Desde los primeros compases del filme queda claro que una parte determinante del viaje sensorial se apoya en su específico y congelado tempo. La mínima sucesión de acciones y escasez de líneas de diálogo trazan esa lánguida prisión de enajenación vital, pero las formas acaban de despejar toda duda: no hay ninguna melodía intradiegética, y los planos abrazan el ascetismo de la propuesta: tomas fijas de larga duración que capturan al sujeto frontalmente, enclaustrando a Binoche en despiadados primeros planos. Pese a la ausencia de música, la presencia de sonidos crispantes e insistentes es continua: los compañeros de Claudel en el manicomio la atormentan con gritos, golpes insistentes con cucharas…que incrementan la sensación de pesadilla. Camille se desangra en una honda soledad y es dada la espalda por su familia. Por ello la compañía de Dios parece la única opción posible, y su misticismo obsesivo y penitencia a partir del rezo aportan el más rico rasgo tonal del filme. Un Dios silencioso, que abandona a su suerte a una desamparada Camille que le necesita más que nunca.
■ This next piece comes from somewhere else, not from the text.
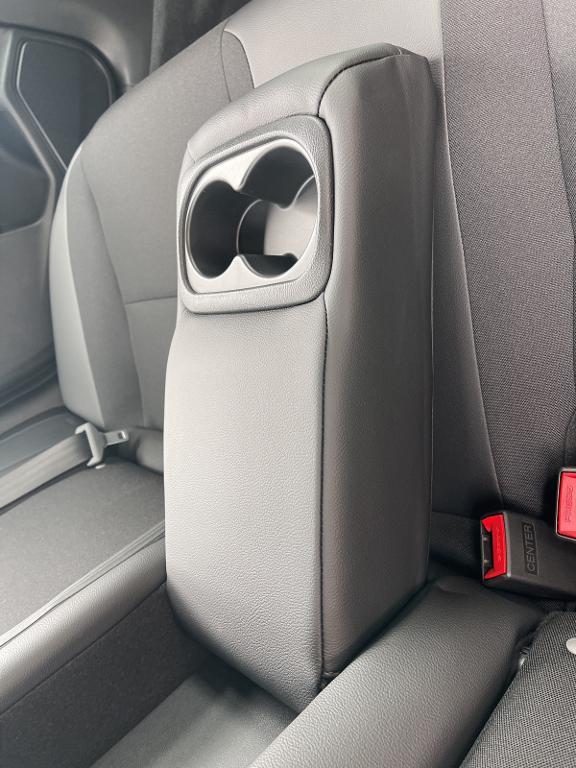 new 2026 Honda Civic car, priced at $28,200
Muchas son las tentaciones en las que podría incurrir un intérprete al prepararse para un rol como el de Camille Claudel. Y sin embargo, Juliette Binoche ofrece una interpretación que transmite a la perfección el tormento que atraviesa Claudel sin recurrir a exhibicionismos histriónicos, pero exteriorizando el desgarro en toda su intensidad. El personaje se construye desde su rostro, y el abanico de matices que este ofrece a lo largo del depurado relato es embriagador: su mirada perdida, su gesto mohíno y su silencio, así como sus ojos enajenados o sus observaciones de reojo a lo que le rodea, dibujan con claridad meridiana su incomodidad y sentimiento de extrañeza hacia un mundo que no es el suyo. Y este trabajo sutil facial se complementa con un desolador arsenal de llantos devastadores como pocos hemos visto en la historia del cine reciente. Una tragedia irreversible que emerge del interior de Camille hacia el exterior y ante la cámara a través de los ojos de Juliette Binoche, que con su entrega y presencia omnipresente eleva el filme a otro nivel.

Como cineasta es fácil ceder ante recursos gratificantes de gratificación y distensión narrativa o visual para acomodar la experiencia al espectador. Que Bruno Dumont se suscriba con rigor a una propuesta tan árida como pertinente es una ponderable demostración de confianza en la capacidad de interpretación del público. Dios le niega la mirada a Claudel, y para entenderlo es necesario que no apartemos la nuestra.